Heart and Soul: Rugby in a bygone era


  • Living
  • Friday, 09 Dec 2022

The Selangor team, champion of the HMS Malaya Cup in 1973. Photo: Filepic

My recent visit to Muzium Negara’s exhibition – themed “100 Years of HMS Malaya Trophies” – was intentional, to evoke the memories of my long and intimate involvement with one of them, the rugby trophy, which was on display.

It was also an opportune moment to soak up its ethereal aura once again for a meaningful spiritual communion. There may not be a next time.

It was the British battleship, the HMS Malaya, that donated two trophies in 1921, one for rugby and the other for football, to be the country’s iconic symbols for interstate championships in these sports. It was to reciprocate the generosity of the Federated Malay States that paid for the ship’s construction.

Bearing the namesake of their donor, the trophies reigned unchallenged in the colonial era that even stretched well into modern Malaysia. This despite the unrelenting and fevered nationalistic cry to rid local sports of any colonial vestiges.

The football trophy, however, was the first to succumb in 1966, to be replaced by the Malaysia Cup.

On the other hand, the rugby trophy, true to the game’s hardier and physically robust character, was able to deflect the turbulence. And this, despite its abhorrent racist image of being the exclusive turf of the white men in the colonial era, that prompted the locals to launch in retaliation the All Blues Cup in 1934 for Asians only.

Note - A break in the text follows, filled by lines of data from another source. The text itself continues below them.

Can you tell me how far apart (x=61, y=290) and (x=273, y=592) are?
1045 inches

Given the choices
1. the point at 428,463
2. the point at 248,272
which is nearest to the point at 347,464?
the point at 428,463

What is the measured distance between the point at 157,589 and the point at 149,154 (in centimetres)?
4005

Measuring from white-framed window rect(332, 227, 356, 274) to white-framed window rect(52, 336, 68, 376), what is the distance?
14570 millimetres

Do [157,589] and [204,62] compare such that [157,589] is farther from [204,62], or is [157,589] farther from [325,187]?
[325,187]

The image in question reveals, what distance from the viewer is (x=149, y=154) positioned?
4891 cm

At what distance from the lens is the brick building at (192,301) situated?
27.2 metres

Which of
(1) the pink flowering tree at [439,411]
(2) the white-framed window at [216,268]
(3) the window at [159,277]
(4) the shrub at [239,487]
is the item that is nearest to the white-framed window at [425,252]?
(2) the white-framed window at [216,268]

Rugby then, and for many years after Independence, was a segregationist sport and its administration no better.

As a school boy at St Michael’s Institution, Ipoh, I was a regular spectator at rugby matches in the HMS Malaya Cup series staged at the Ipoh padang nearby. The teams were then overwhelmingly Europeans, down to the linesmen!

In the early independent years, the increasing numbers of Asians in the tournament were noticeable. By the mid-60s, most of the HMS Malaya Cup teams were dominated by Asians, except for Selangor which persisted to be the last bastion of expatriate rugby, with just a handful of Asians. I was then a Selangor player.

When Selangor won the HMS Malaya Cup championship in 1970, it had nine Asians yet it was led by an expatriate! I was one of them to savour the magical moments of victory and the opportunity to handle the Cup.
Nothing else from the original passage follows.